Cyberbullying is a serious issue in today’s digital world. Children spend a decent amount of their time on mobile devices, tablets, and desktop computers for communication, entertainment, and learning. The new generation of children are much more technology-savvy, and use the Internet to communicate with their friends. However, there are times when the Internet can be used as a bullying mechanism, and national news stories have shown this time and time again.
As Internet usage increases around the world, the potential for cyberbullying grows with it. Today’s bullies believe they can circumvent teachers and parents by bullying kids through instant messaging, social media, emails, and chat rooms. And while cyberbullying isn’t as blatantly obvious as physical bullying, the long-term effects can be even worse.

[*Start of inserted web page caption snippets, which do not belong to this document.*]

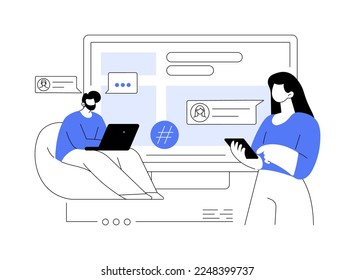 Microblog platform abstract concept vector illustration. Microblogging marketing service, social media content, quick audience interactions, instant messaging, content production abstract metaphor.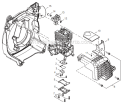 Part Location Diagram of E103000950 Shindaiwa Case, Fan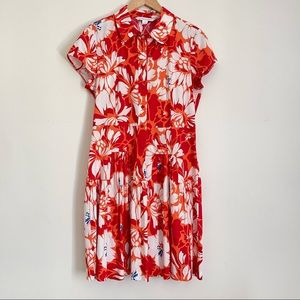 Diane von Furstsenberg drop waist bright floral dress, size 12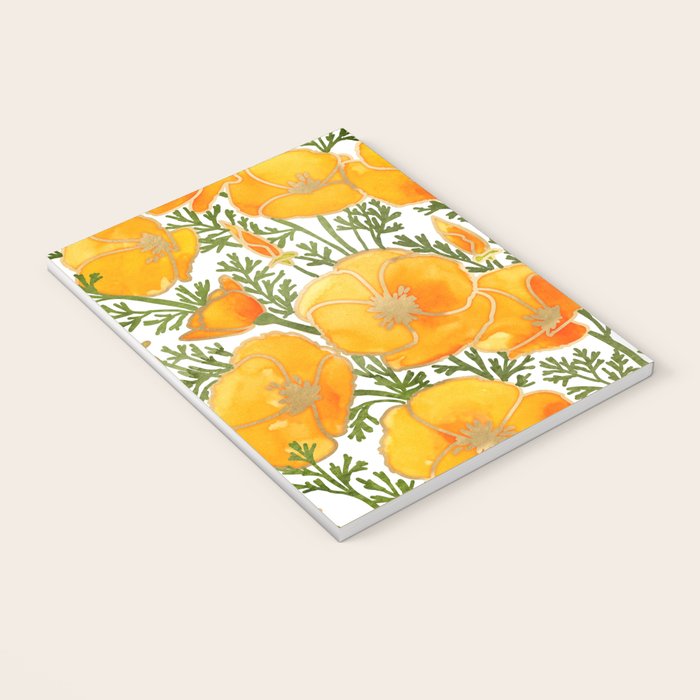 Gold watercolor California poppies Notebook Gallery Image 3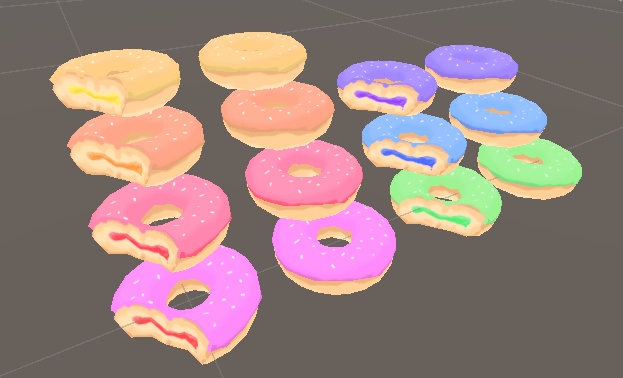 【VRC】かわいい！カラフルドーナツ【２パターン７色セット】🍩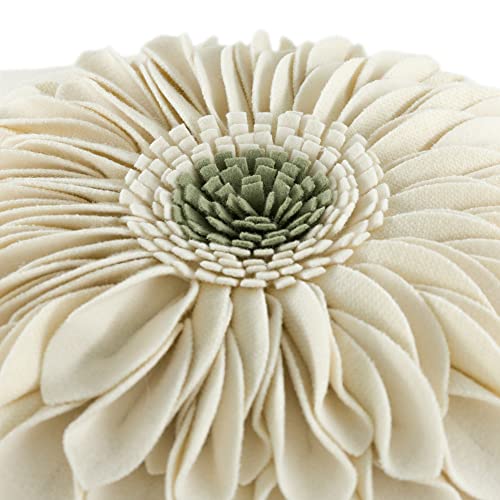 OiseauVoler 3D Sunflower Handmade Throw Pillow Covers Decorative Floral Pillowcases Cushion Covers for Couch Living Room Home Decor Creamy White 18x18 Inches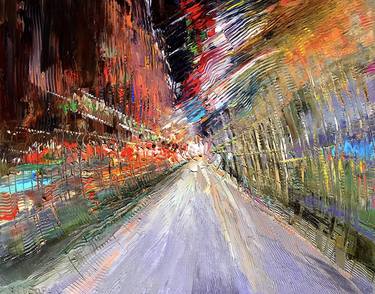 Original Abstract Expressionism Cities Paintings by Serge Ovcharuk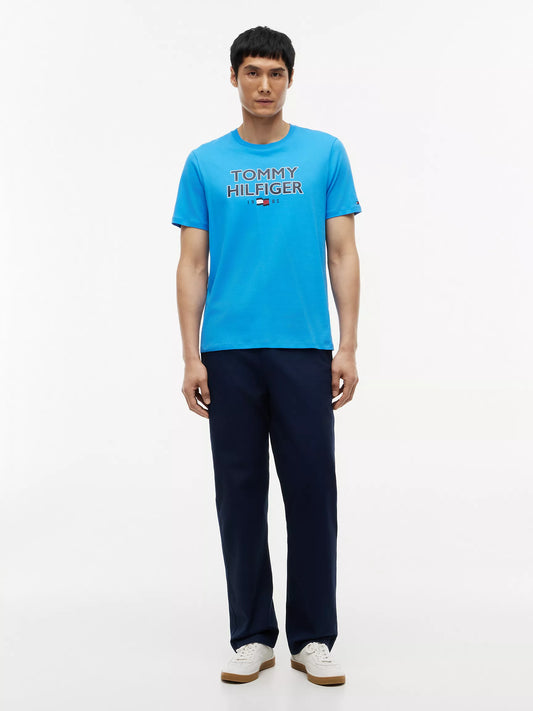 Tommy Hilfiger Men's Bold Tommy 1985 Logo T-Shirt in Deep Sky Blue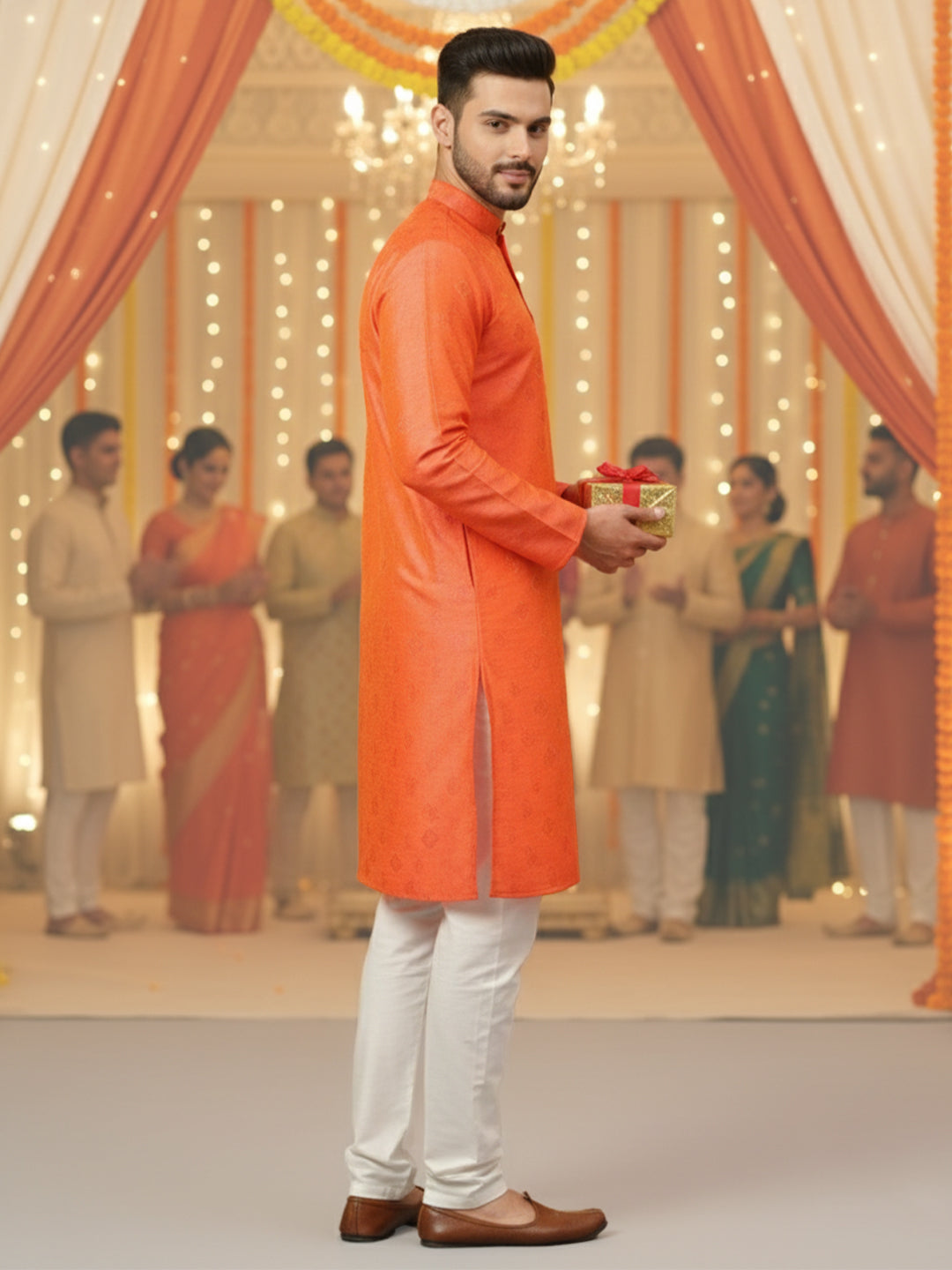 RudraRaj Jacquard Festive Kurta for Men | TerraDesi Royal Maroon Long Kurta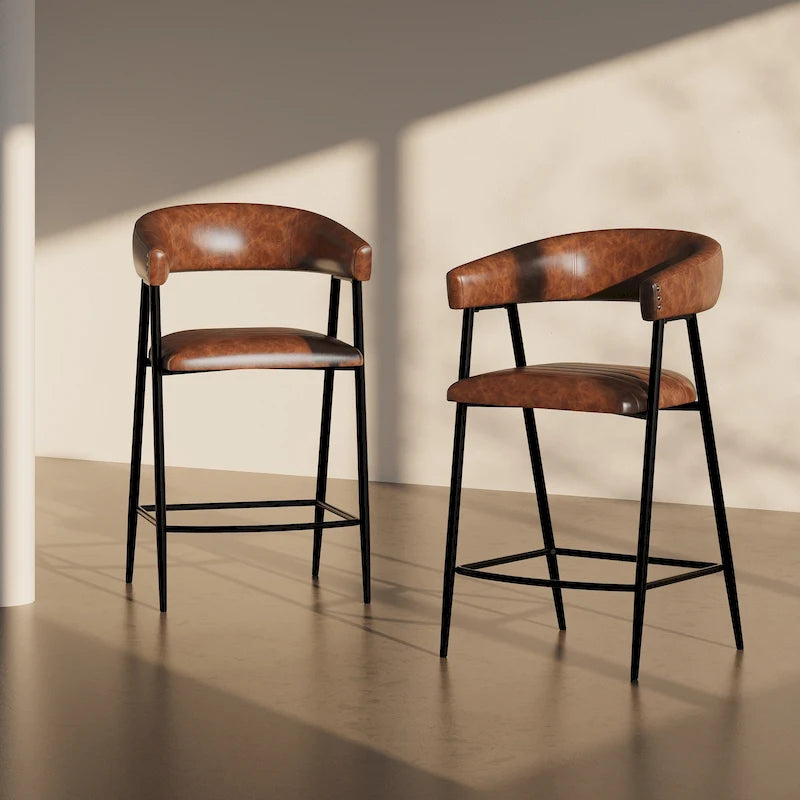 Tabourets de comptoir rembourrés en polyuréthane de 26 po, ensemble de 2 chaises hautes avec cadre en fer, dossier, repose-pieds et accoudoirs, marron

If your child is being bullied, understand that you are not alone. A slew of cyberbullying statistics demonstrates how serious it is among youth. For instance, one report found that at least 25% of teenagers were bullied via text message or Internet, and 52% of young people overall have been victims. What’s most frightening is this: 95% of teens who witness bullying behavior don’t do anything about it. As parents, it’s your job to know when to step in and how to stop it before it becomes a serious issue.
Monitor Online Usage
Monitoring your children’s online usage will help you better understand where they’re spending their time and how. Using Wifi routers with parental controls gives you the flexibility of Internet access combined with the power of Internet management. Advanced routers like Gryphon Connect make it possible to view browsing history in real-time and even cap Internet usage for bedtime and homework. If you notice your children spending too much time on social media or in chat rooms, talk to them about who they’re talking to and ensure everything is fine.
Keep a record of bully behavior.
In the unfortunate event that you discover your child is a victim of cyberbullying, it’s important for you to save and print all offending messages. Be sure the email addresses and screen names are on display. This will help prove your case, and you’ll be able to use this to show administrators or authorities.
Don’t overreact or underreact.
If you overreact by blaming your children or making loud threats to other children, your child will think twice before coming to you again and will want to hide future issues of theirs. Punishment is another form of overreacting: taking away their electronic devices will only encourage them to be secretive.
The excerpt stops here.